Are you ready for coastal eddy? Has Santa Ana curled your hair? Is May gray making you blue?
If you live in Southern California, chances are good your life has been affected by these and other weather phenomena. You might not know all of them by name, but doing so boosts your weather IQ and makes you sound like a true local.
With June gloom just around the corner, we looked up some common and lesser-known weather terms to enlighten you about our Mediterranean-like climate. Drop them at your next get-together to impress friends and family with your weather wizardry.
Strong, extremely dry downslope winds that originate inland and affect coastal Southern California as well as northern Baja California. Santa Anas blow mostly in autumn and winter, but can pick up at other times of the year. They’re especially known for the hot dry weather–often the hottest of the year–they bring in the fall, and are notorious for fanning regional wildfires. For obvious reasons, they’re also called “devil winds.”
Perhaps the most famous description of Santa Ana winds was penned in 1946 by crime novelist Raymond Chandler in the opening paragraph of “Red Wind”:
“There was a desert wind blowing that night. It was one of those hot dry Santa Anas that come down through the mountain passes and curl your hair and make your nerves jump and your skin itch. On nights like that every booze party ends in a fight. Meek little wives feel the edge of the carving knife and study their husbands’ necks. Anything can happen. You can even get a full glass of beer at a cocktail lounge.”
Too foggy for you? Blame the recurring Southern California weather phenomenon known as the coastal (or Catalina) eddy, a swirling, circular cloud pattern off the coast of San Diego. Coastal eddies can bring cooler weather, fog, and better air quality into Southern California as they push the marine boundary layer further inland. The eddy patterns can stretch 60 to 120 miles and last from a few hours to a few days, most often forming between April and October, and hitting their peak in June.

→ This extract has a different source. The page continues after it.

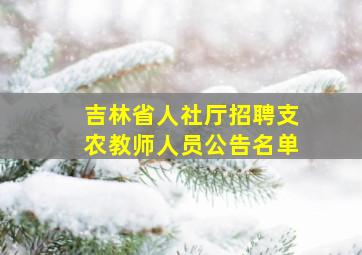 吉林省人社厅招聘支农教师人员公告名单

During these months, gloom often darkens the coastal skies with a layer of marine clouds that form a continuous horizontal gray sheet, often with rain or snow. Coastal clouds may remain all day, but often give way to some hazy afternoon sunshine. The number of overcast days during this period varies from year to year.
When these long plumes of moisture from the tropics or subtropics move into higher latitudes, they’re capable of blasting a firehose of rain and creating hazardous conditions, including flooding and landslides, due to such a large amount of rain over a short period of time. An atmospheric river originating near the Hawaiian Islands is known as a Pineapple Express or Pineapple Connection.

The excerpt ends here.